### [TASK TO COMPLETE]
Please, could you print all the lines below exactly, leaving out the pictures?

### [Data entries]
☆ ☆ ☆ ☆
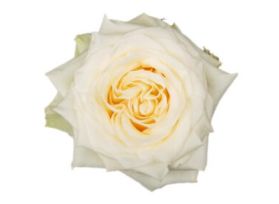 Rose Cream Candle Light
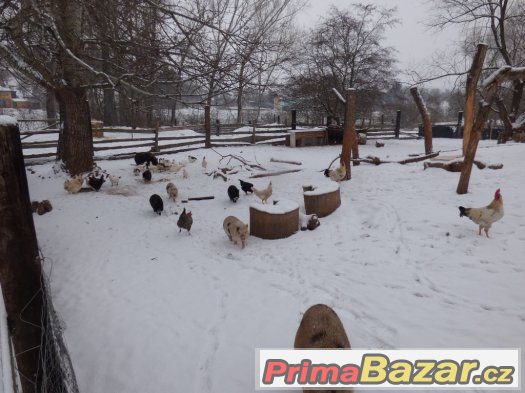 poslední možnost  pouze do 27.1.2016 miniprasátka – fotografie 2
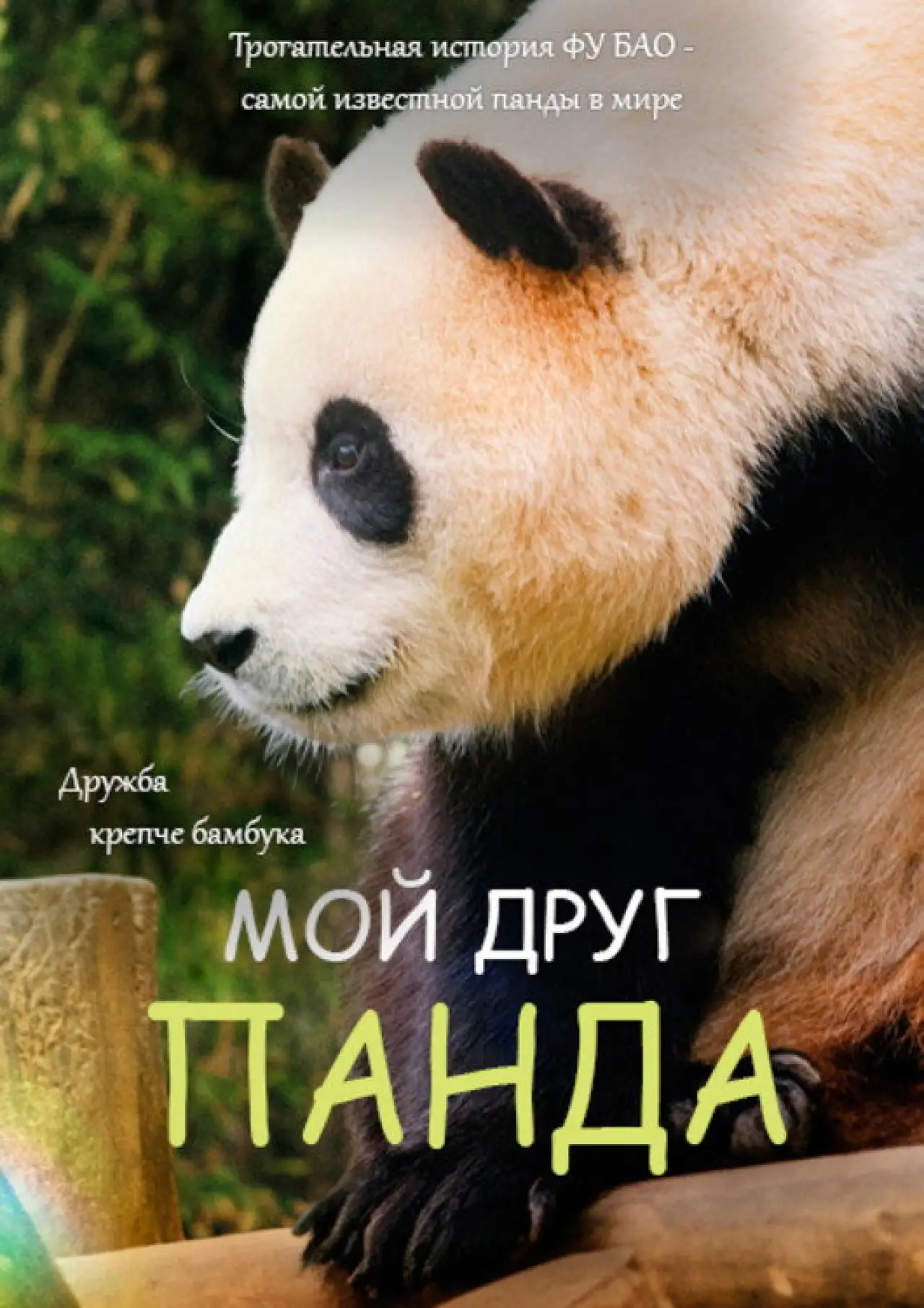 Постер к фильму "Мой друг панда"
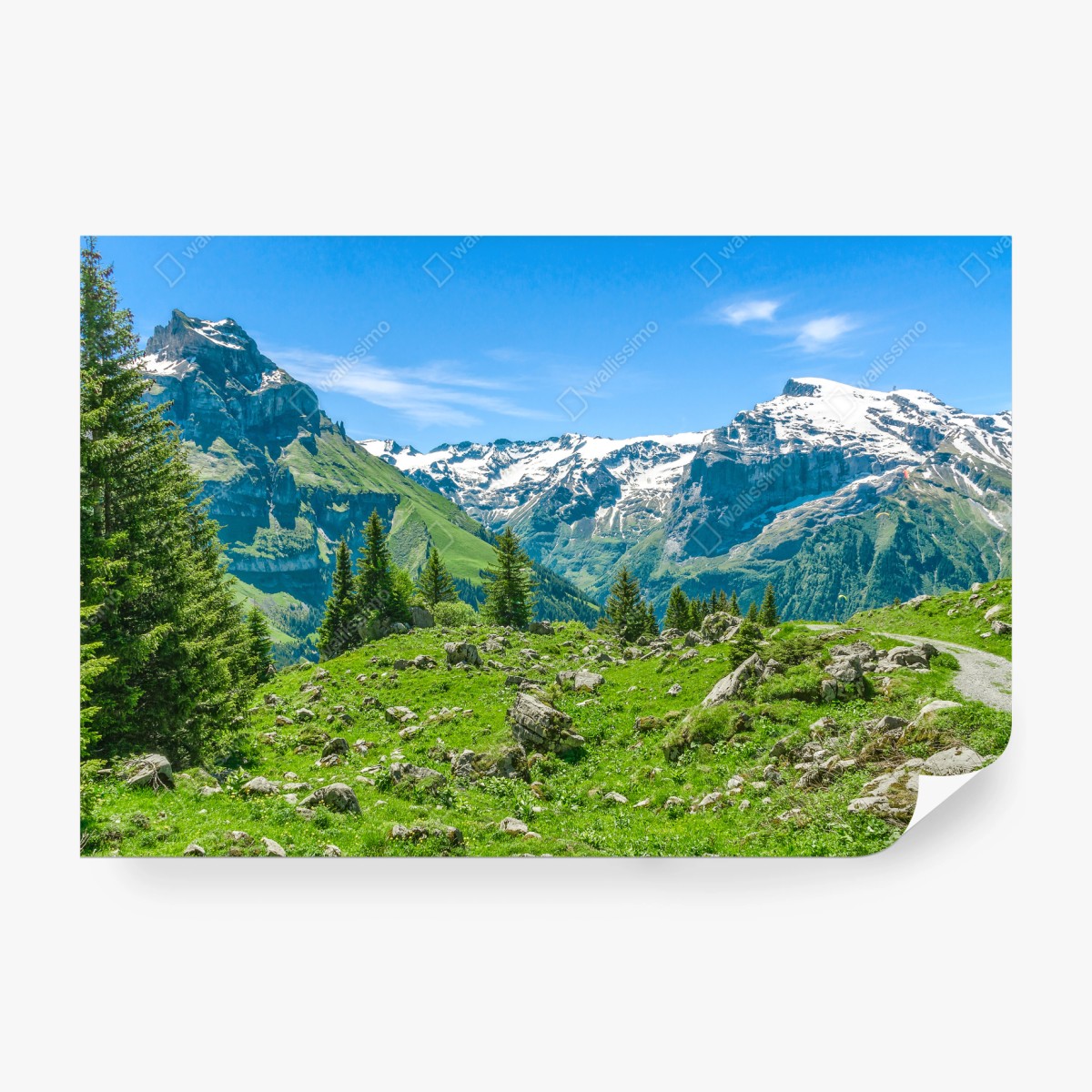 Fototapete sonnige alpwiese in Engelberg – Wallnifity® Fototapete sonnige alpwiese in Engelberg – Wallnifity®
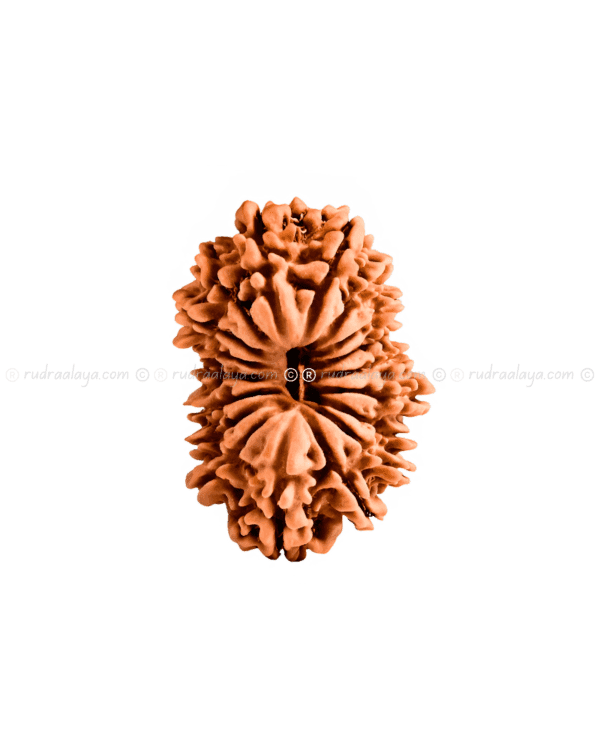 Eighteen (18 / atharah) Mukhi Nepali Rudraksha - Image 3
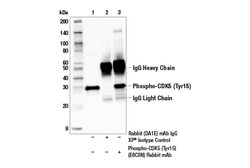 Cell Signaling Technology&nbsp;Phospho-CDK5 Tyr15 E6C8N R
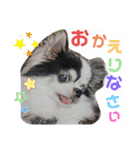 わんこのつぶやき☝（個別スタンプ：19）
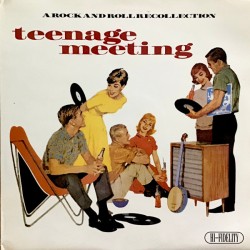 Various – Teenage Meeting...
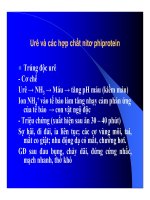 Thức ăn bổ sung cho vật nuôi : Thức ăn bổ sung dinh dưỡng part 3 pdf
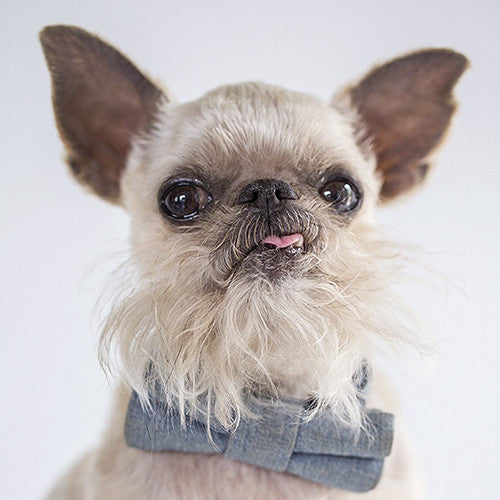 INSTA-DOGS: OWEN THE GRIFF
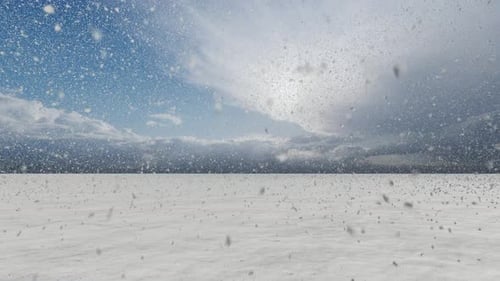 Snowfall In Daylight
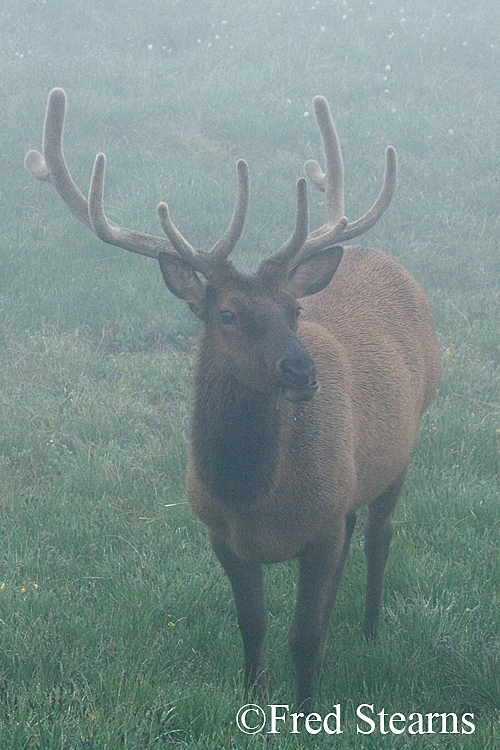 Rocky Mountain NP Elk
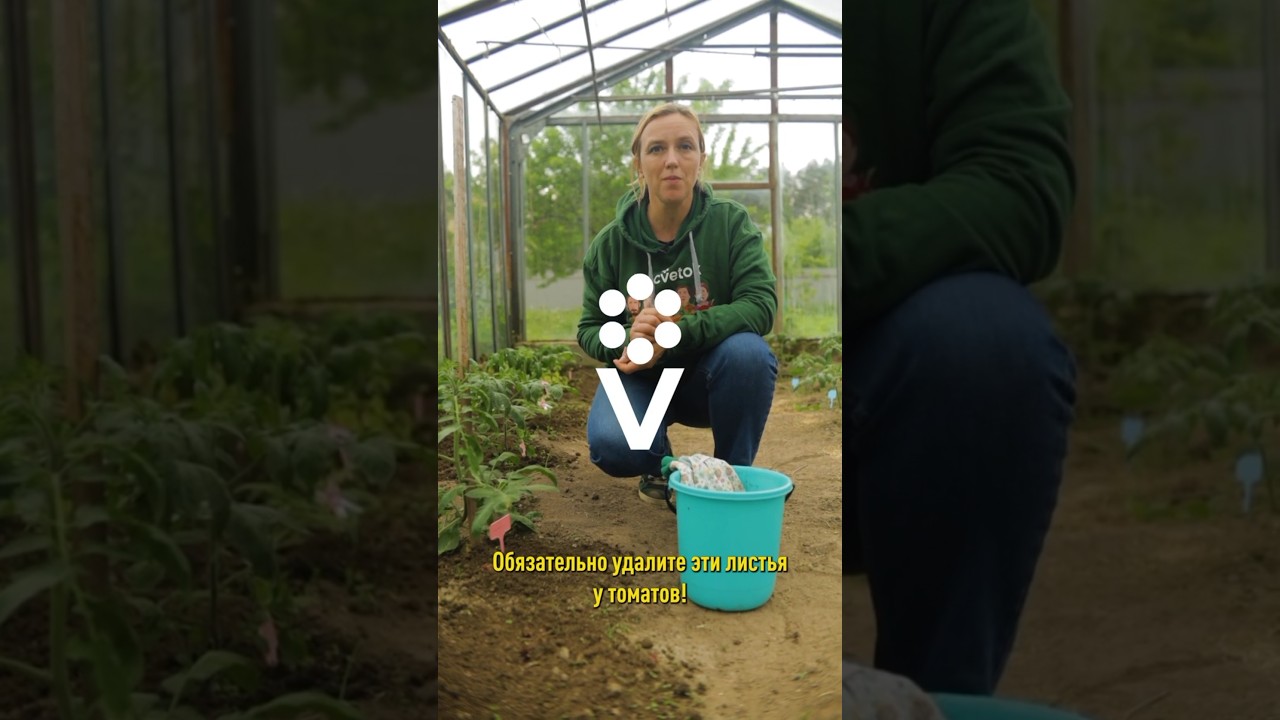 Обязательно удалите эти листья у томатов и лишние пасынки! Урожай будет больше и слаще! Как обрезать помидоры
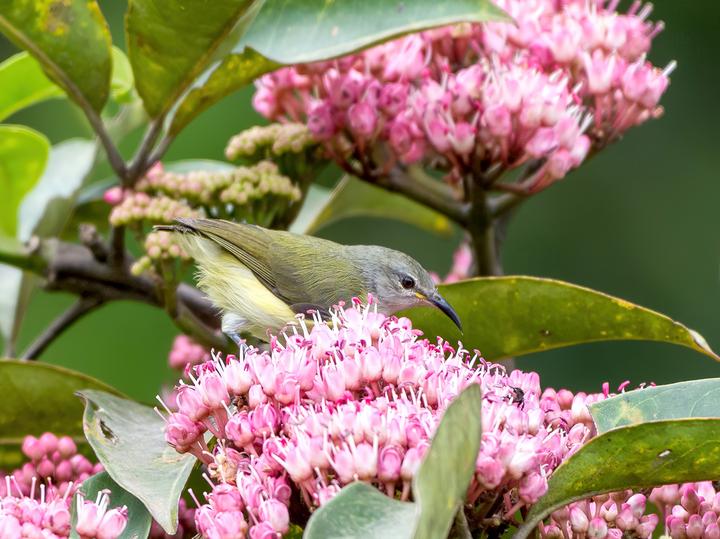 Pygmy Longbill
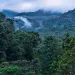 A verdant cloud forest in Ecuador with clouds rising in the background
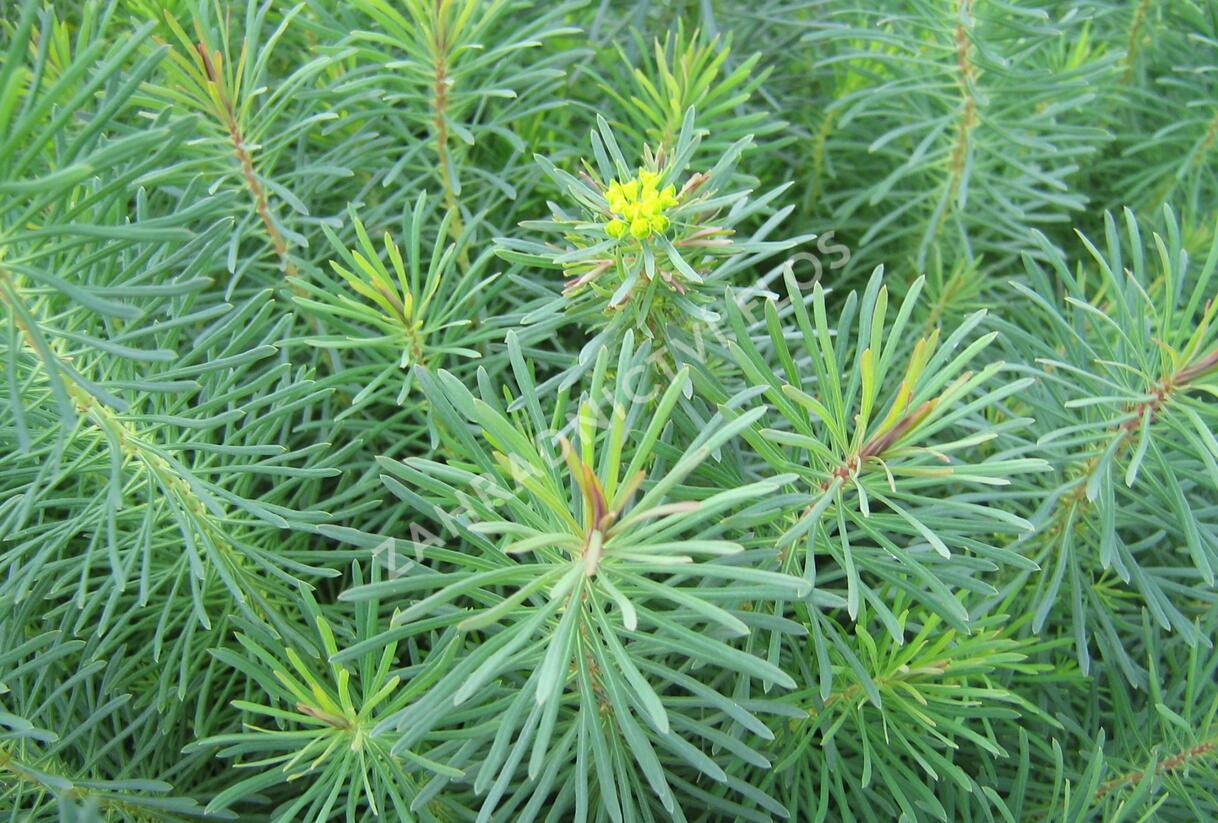 Pryšec chvojka 'Fens Ruby' - Euphorbia cyparissias 'Fens Ruby'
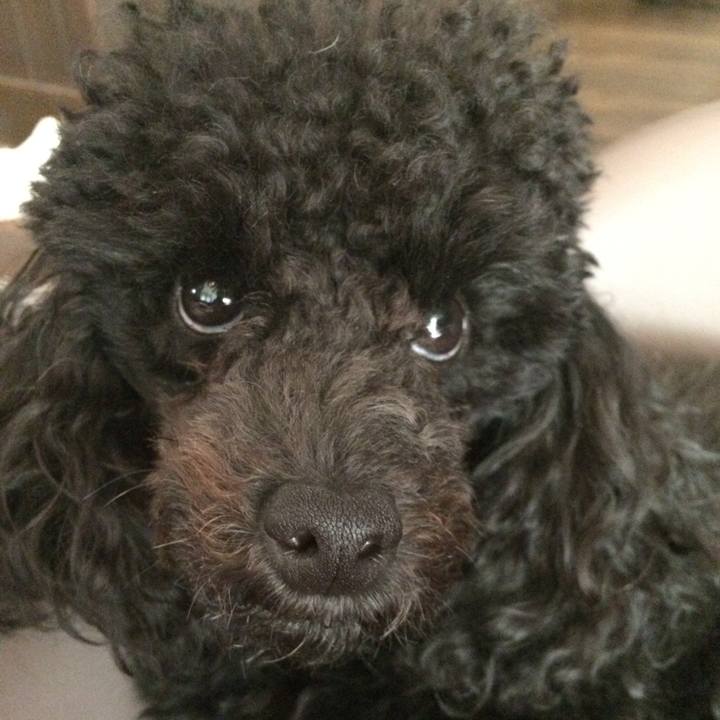 F18169d9 5297 4b36 867a 9da0b68eb1c7 1535610721183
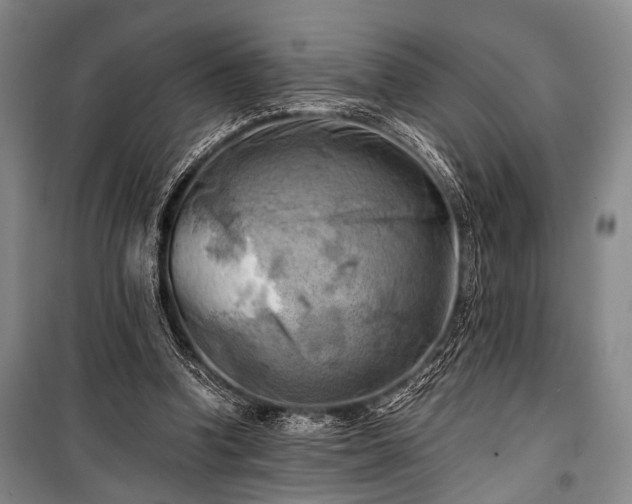 X0000100930346200807011227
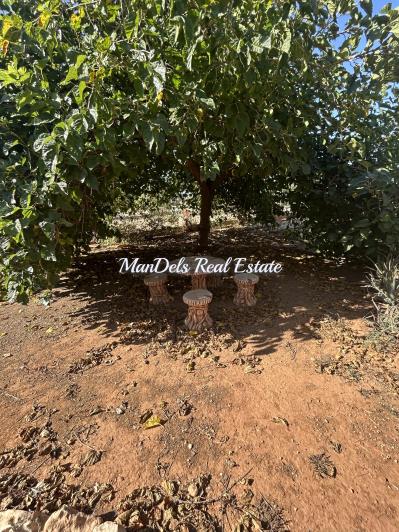 Image No.25-3 Bed Finca for sale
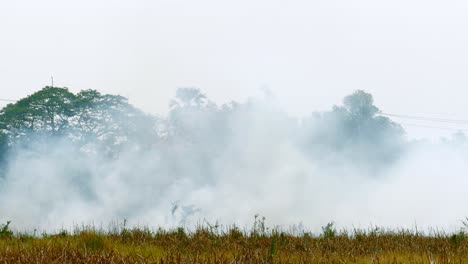 Dicke-Dunkle-Rauchwolken-Steigen-Aus-Waldbränden-Und-Bränden-Auf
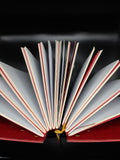 Red Dragon Eye Grimoire Journal $150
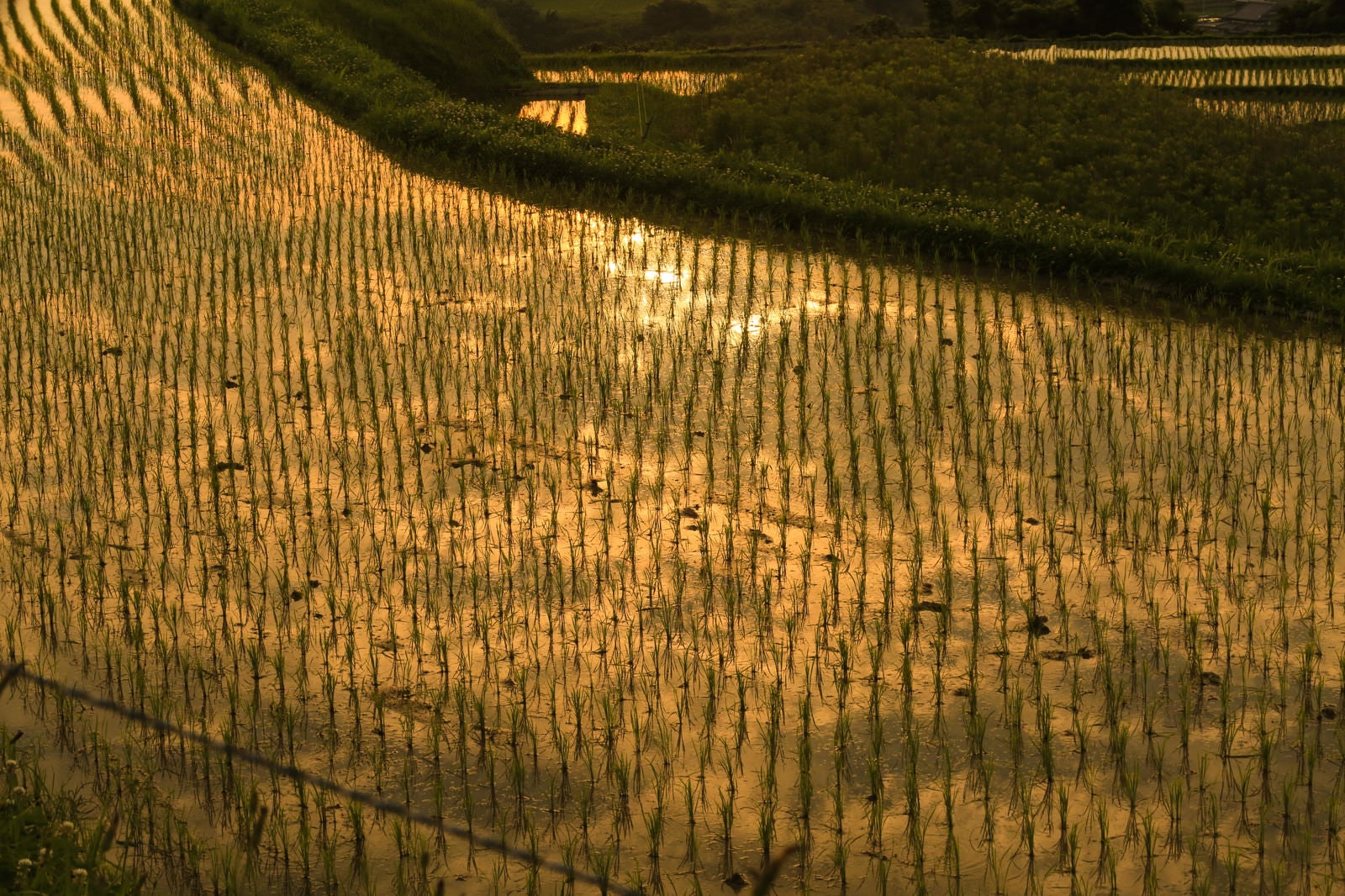 「黄金色に染まる田植え後の水田」の写真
☆ ☆ ☆ ☆
### [EXERCISE RESPONSE]
 Rose Cream Candle Light
 poslední možnost  pouze do 27.1.2016 miniprasátka – fotografie 2
 Постер к фильму "Мой друг панда"
 Fototapete sonnige alpwiese in Engelberg – Wallnifity® Fototapete sonnige alpwiese in Engelberg – Wallnifity®
 Eighteen (18 / atharah) Mukhi Nepali Rudraksha - Image 3
 Cell Signaling Technology&nbsp;Phospho-CDK5 Tyr15 E6C8N R
 わんこのつぶやき☝（個別スタンプ：19）
 Various – Teenage Meeting...
 Thức ăn bổ sung cho vật nuôi : Thức ăn bổ sung dinh dưỡng part 3 pdf
 INSTA-DOGS: OWEN THE GRIFF
 Snowfall In Daylight
 Rocky Mountain NP Elk
 Обязательно удалите эти листья у томатов и лишние пасынки! Урожай будет больше и слаще! Как обрезать помидоры
 Pygmy Longbill
 A verdant cloud forest in Ecuador with clouds rising in the background
 Pryšec chvojka 'Fens Ruby' - Euphorbia cyparissias 'Fens Ruby'
 F18169d9 5297 4b36 867a 9da0b68eb1c7 1535610721183
 X0000100930346200807011227
 Image No.25-3 Bed Finca for sale
 Dicke-Dunkle-Rauchwolken-Steigen-Aus-Waldbränden-Und-Bränden-Auf
 Red Dragon Eye Grimoire Journal $150
 「黄金色に染まる田植え後の水田」の写真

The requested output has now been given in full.